Pictures are to be left out. Copy exactly, and only, the lines from the start of the entries below to the line with "Columbia Backcast IV", both included.

___ Information ___

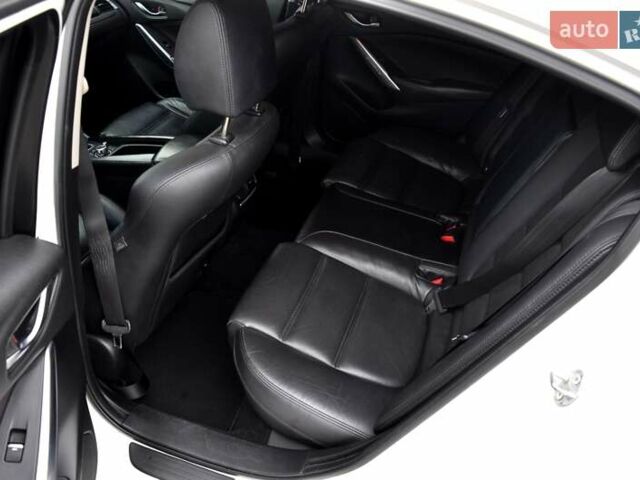 Білий Мазда 6, об'ємом двигуна 2.19 л та пробігом 117 тис. км за 11999 $, фото 20 на Automoto.ua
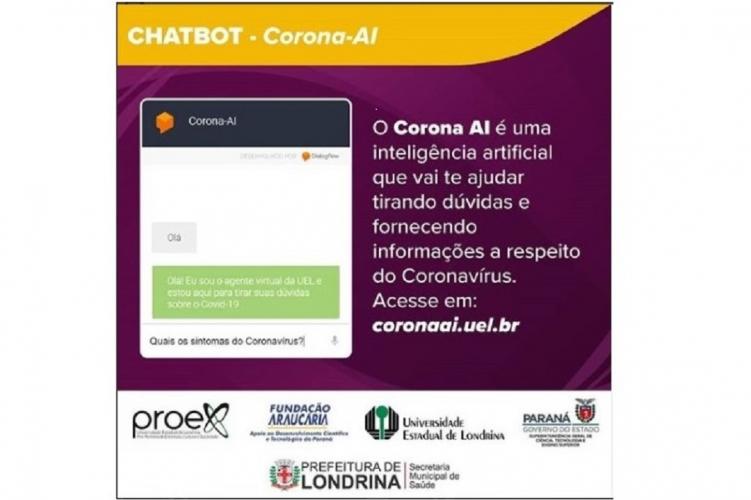 Professores lançam Agente Inteligente para combater as fake news sobre o coronavírus
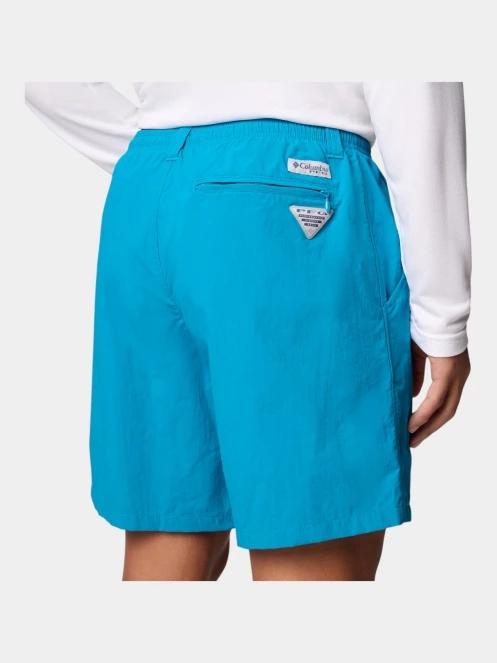 Columbia Backcast IV Water Short férfi fürdőnadrág kék színben 7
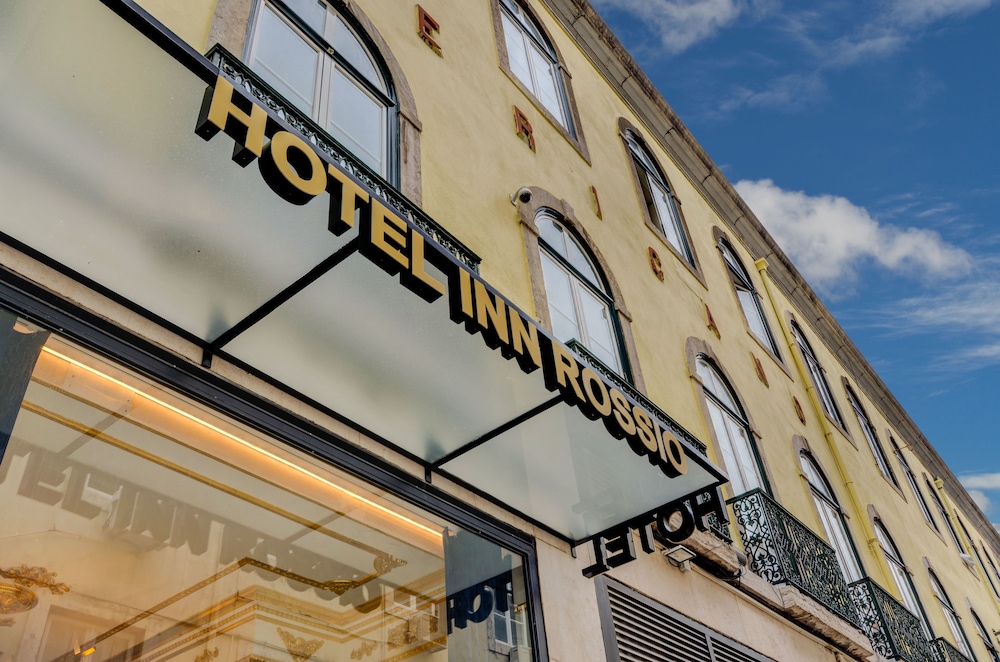 Hotel Inn Rossio — Main photo in Lisbon, Lisboa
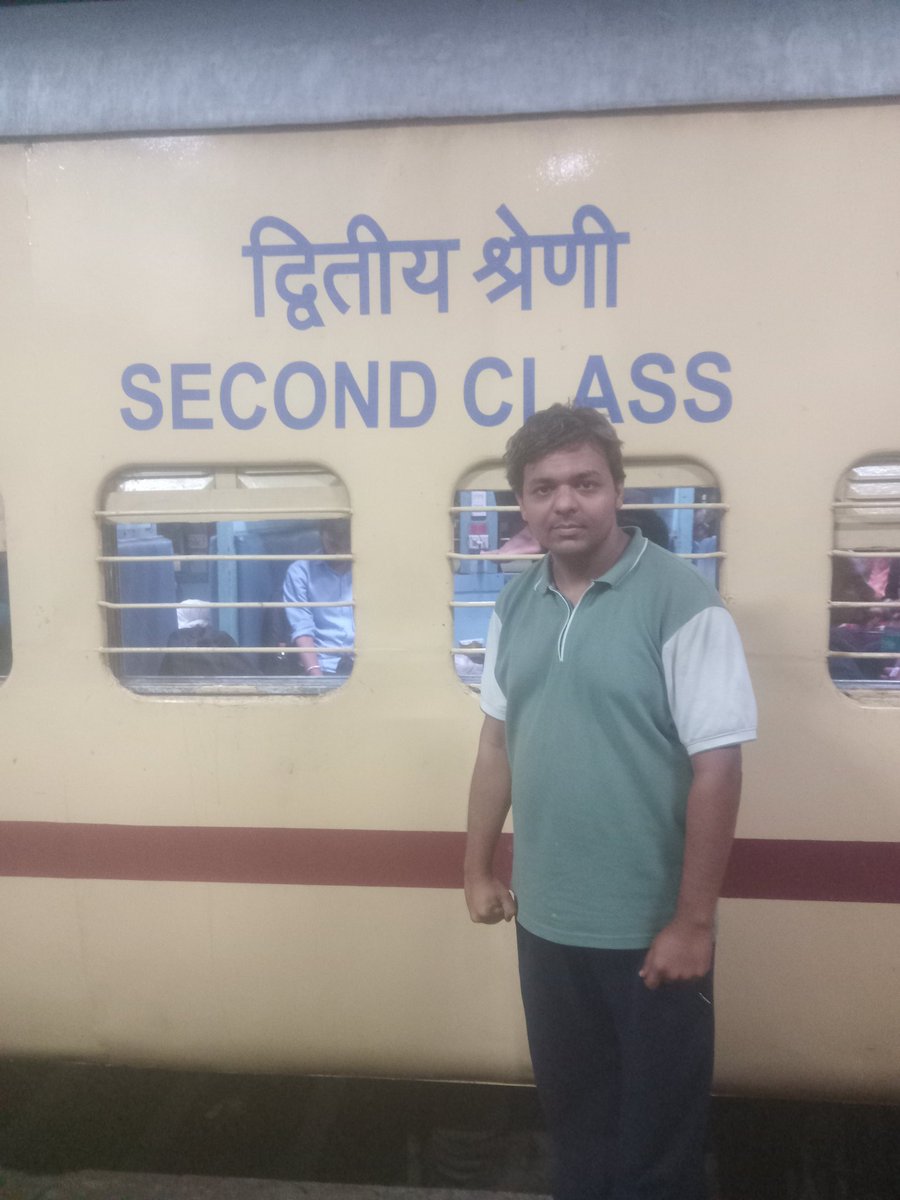Tushar54133's tweet image. Journey to Dharwad  ( hubbali ) started by Sharawati Express for Jeevan Vidya Workshop  ( centre for Holistic learning)  . Self is like a Ray of light , when we obstruct with the challanges then only we realise it  . #centreforholisticlearning #jeevanvidya #Dharwad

___

* **Worked solution**:
 Білий Мазда 6, об'ємом двигуна 2.19 л та пробігом 117 тис. км за 11999 $, фото 20 на Automoto.ua
 Professores lançam Agente Inteligente para combater as fake news sobre o coronavírus
 Columbia Backcast IV Water Short férfi fürdőnadrág kék színben 7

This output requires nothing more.